The issue of whether males engaged primarily in agriculture as a result of the Quaker influence was a crucial point in my investigations. Harry Watt’s father Hiram was, in fact, a farmer, although, as the narrative indicates, “What money he got, he went to work for others for a day or so at a time.” According to his daughter Effie Johnson, Hiram Watt was a first generation farmer who as a destitute boy of twelve began to clear, and hence claim, available reservation land to support himself and his widowed mother. He did this after the 1860’s when dairy farming had become a viable industry for both whites and Indians. The coming of the railroads made possible the shipping of cheese produced in the local factories, which bought fluid milk. As Harry Watt says, “But he had milk and from the milk he had an income.”

The Quakers made much of the cultural inhibitions that men felt to farming, and the story of women mocking men who took up a hoe by themselves taking up a gun is often repeated. The evidence, however, reveals reasons more economic than cultural for men to resist farming. With an absence of access to markets for agricultural products, men could not generate the cash the community needed. Men engaged in whatever work they could find, which included farm work for wages – “it’s that payday.” Although dairy farming had become a viable cash activity, Hiram Watt’s almost total dependence on farming was unusual among the Senecas. Harry remarks this when he contrasts his responsibilities with those of his friends who “didn’t have the farm like we had.”

Harry Watt’s remarks about horses (“I wanted them because if I had big horses I could do this and that. If I had big horses I could go and skin logs, go and haul lumber; I could go and haul wood…”) reflects a long tradition of the use of horses in the Seneca community. It was an ongoing source of friction with the Quakers. They encouraged livestock production but complained that cattle were neglected in the winter when men were away hunting. They also complained that horses proliferated in a way that was of no use to the community. Horses were of no use in such numbers if men were to concern themselves with agriculture, but they were of great use if the men were to engage in lumbering. Much to the Quakers’ disapproval, this was what men did after 1812 and what the first white settlers did as well. The Seneca word for horse translates as “he hauls logs,” and such crops as men raised, e.g. oats and hay, were associated with horses. The activities of the Indian and white loggers were intermeshed both in terms of labor and of access to the natural resource. Jurisdiction over the sale of logs from communal reservation land became a source of tension within the community, and conflicts over authority to alienate both land and natural resources were central to the displacement of the traditional political system of lifetime chiefs (elevated to their position by clan mothers) by the creation in 1848 of the Seneca Nation with its elected government (and with women disenfranchised.)
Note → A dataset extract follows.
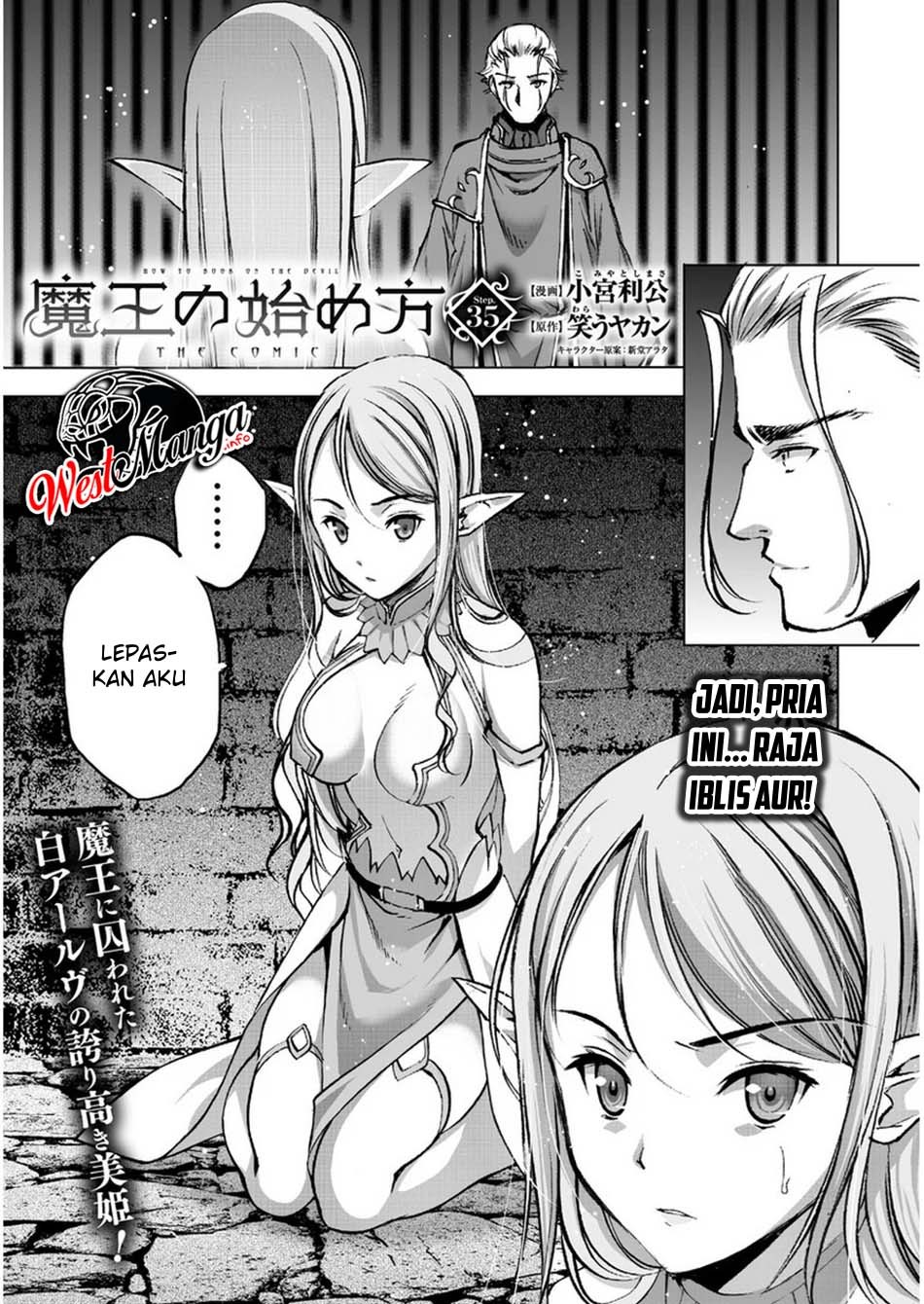 Chapter 35 - halaman 3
Harry Watt’s experiences as a laborer in western New York at the beginning of the twentieth century reflect the history of that region. Settlement of the area began late and slowly and relied on lumber. The convergence of three railroads, the Atlantic and Great Western, the Erie, and the Rochester and State Line, established the conditions for more rapid growth of the area around Salamanca after 1860. It was the route by which local products could be transported out and also the conduit through which oil from Pennsylvania was distributed (Ellis 1879.) Employment was available not only in laying and maintaining track, but also in the repair shops, the car shops, and in the stockyards maintained by the railroads. Small factories with loading platforms facing the tracks were established. Although the area had been deforested by the late nineteenth century, bark stripping for local tanneries continued to provide work in the former forests. Wage labor employment was available in the expanding economy. Seneca women, using the skills they had learned at the Quaker School, were employed as domestics by local families. Indian workers provided a steady and reliable source of cheap labor. More highly skilled work paid better, but this was rarely available to Indians. As a result, many young adults left the local area to seek employment elsewhere and frequently returned, if at all, only after retirement. Harry Watt’s life followed this pattern, and while he didn’t get to speak about it in his narrative, he returned to the Seneca society as a retired man who felt a need to commit himself to Seneca cultural preservation.

When Harry Watt remarked that he regretted that he hadn’t gone back to school. he did not add what he so often did, that he also envied those who had never gone to school. In his later years, he came to believe that school learning was a distraction from learning the intellectual content and practice of the traditional Seneca culture and particularly of the religion. He could speak Seneca, although not as well as he would have wanted, and he would note that speaking Seneca was a punishable offense at the Quaker school.

A formal school for children was established at Tunesassa, the Quaker farm, in about 1816, and there were problems and opposition to it from the beginning. The school became the central symbol around which fundamental divisions in the community expressed themselves. The situation became so tense that by 1821 the schoolmaster felt his life threatened. There were several abortive openings and closings and locational shifts until the middle of the 1840’s, when the Quakers concluded that only a boarding school would reduce community and home influences on students and permit the program of acculturation they were advancing. This school was a significant experience in the lives of many now elderly Allegany Senecas, remembered with both the pleasure and pain of most Indian boarding school experiences.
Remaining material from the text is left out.